_Web page caption snippets_

┄┄┄┄┄┄┄┄┄┄

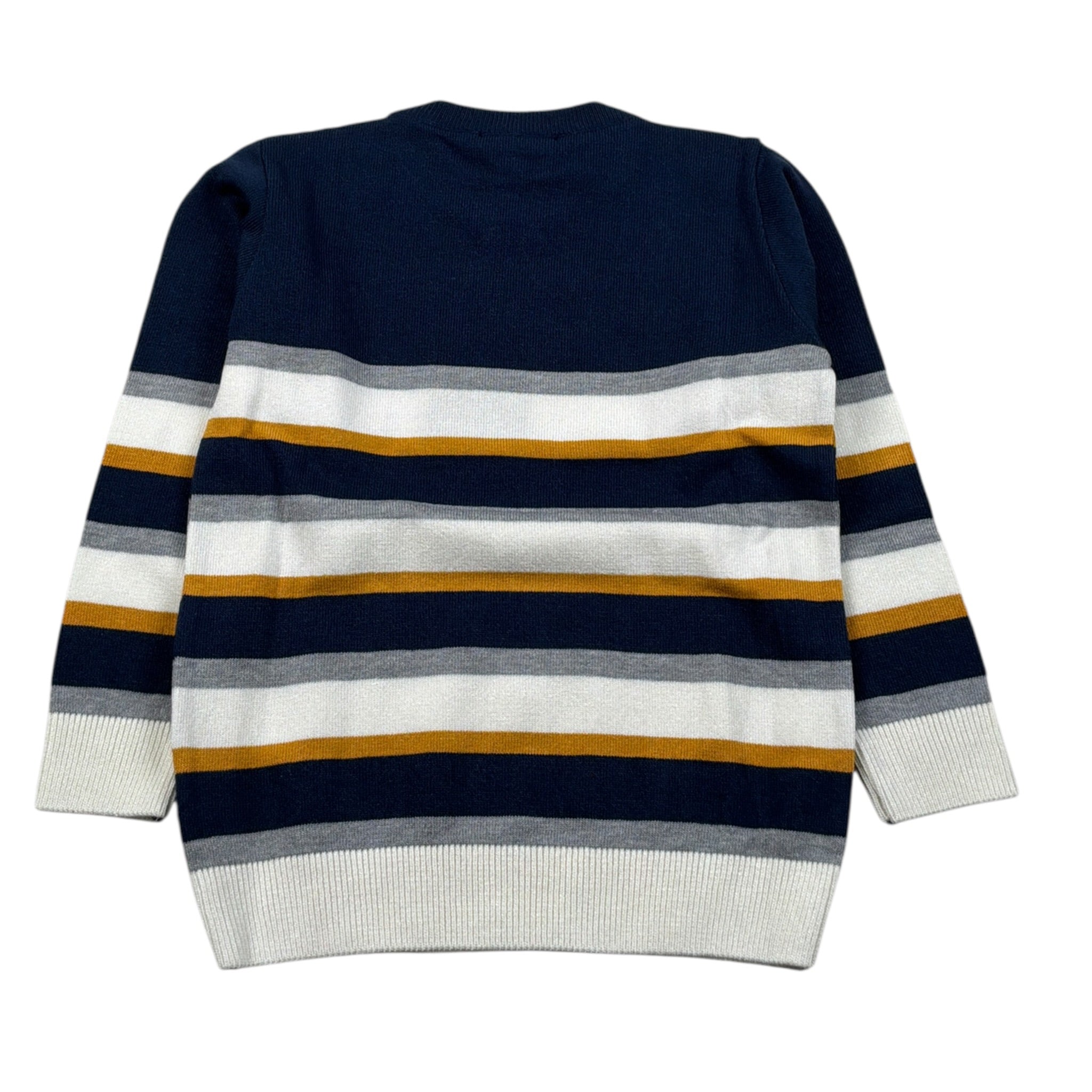 Manuel & Frank Maglia Tricolore Girocollo con Fantasia A Righe Blu per Bambino MF4321B BLU MANUEL & FRANK 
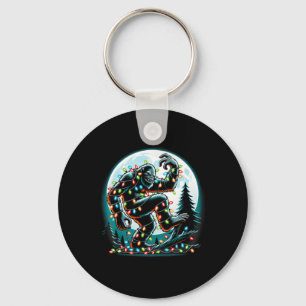 Bigfoot Santa Christmas Tree Lights Funny Xmas Sas Key Ring
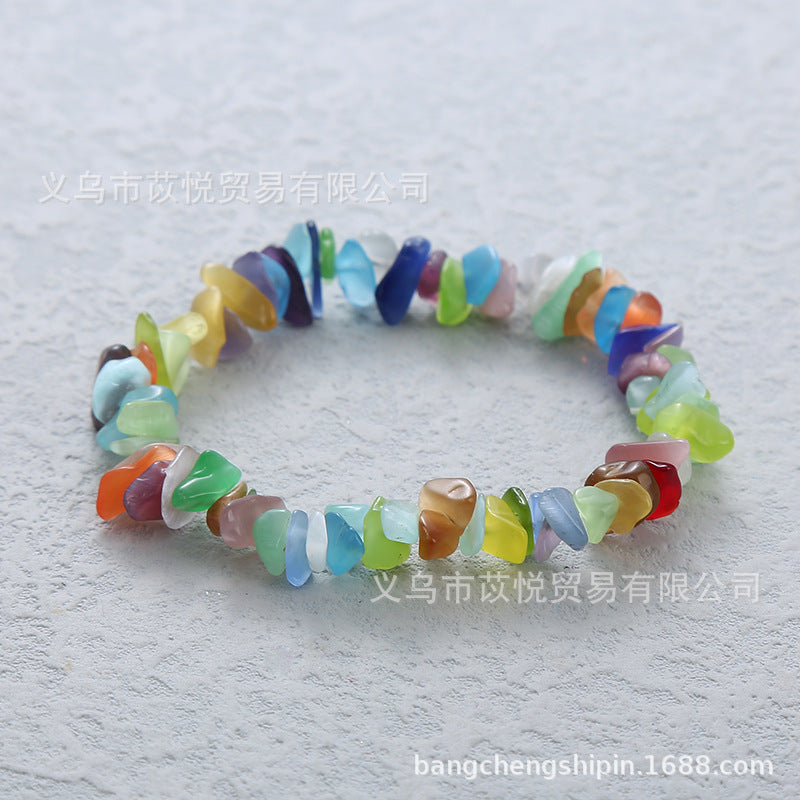 Wholesale 5pcs natural crystal gravel elastic bracelet colorful gravel bracelet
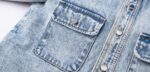 Ice Blue Cropped Wide-Waist Denim Jacket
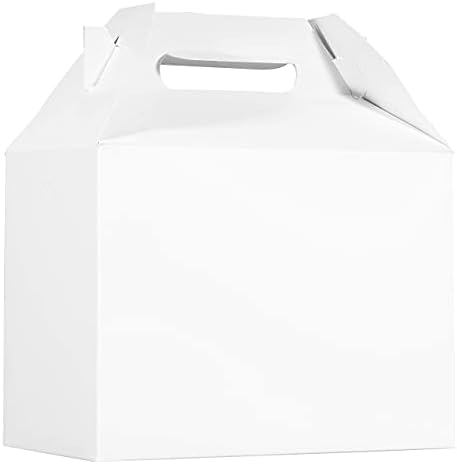 EcoQuality [25 PAKET] Beyaz İkram Hediye Kutuları-9 x 5 x 6,75 inç-Kağıt Üçgen Kutular, Kulplu Kağıt Öğle Yemeği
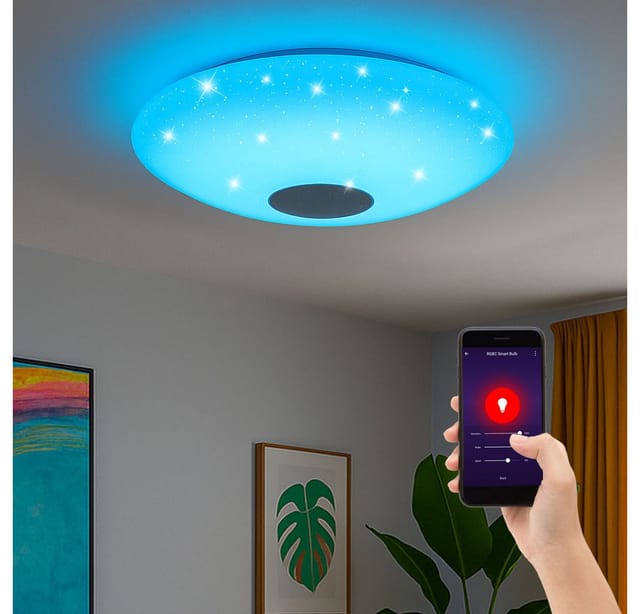 Smart Home Deckenleuchte RGB LED CCT Wohnzimmerleuchte Bluetooth Deckenlampe App Sternen Effekt, Farbwechsler dimmbar, 1x Smart LED 17W 2700-6500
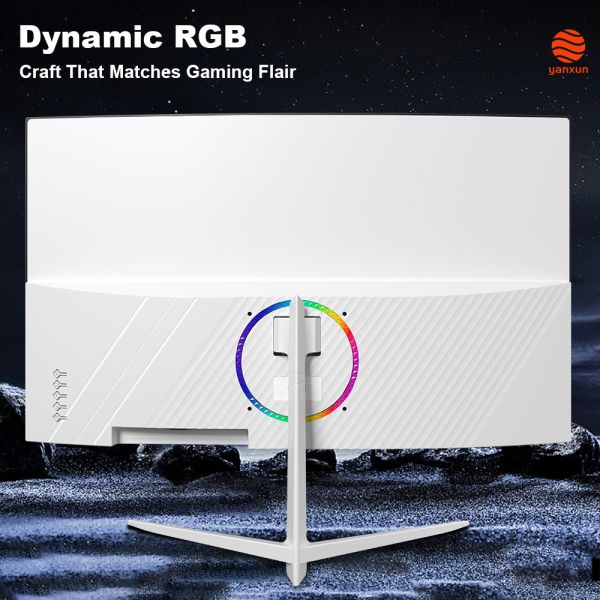 HDR 27 Inch Curved Monitor 1920x1080 180Hz IPS 1ms GTG 99 Percent sRGB FreeSync Compatible Eye Care Ring RGB Glow Sleek Contours Gaming Screen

┄┄┄┄┄┄┄┄┄┄

_WHAT THE EXERCISE ASKS_
Print an exact copy of the lines above, from the one containing "Ice Blue Cropped Wide-Waist Denim Jacket" through the one containing "Smart Home Deckenleuchte", and leave out the pictures.

_ANSWER BOX_
 Ice Blue Cropped Wide-Waist Denim Jacket
 EcoQuality [25 PAKET] Beyaz İkram Hediye Kutuları-9 x 5 x 6,75 inç-Kağıt Üçgen Kutular, Kulplu Kağıt Öğle Yemeği
 Smart Home Deckenleuchte RGB LED CCT Wohnzimmerleuchte Bluetooth Deckenlampe App Sternen Effekt, Farbwechsler dimmbar, 1x Smart LED 17W 2700-6500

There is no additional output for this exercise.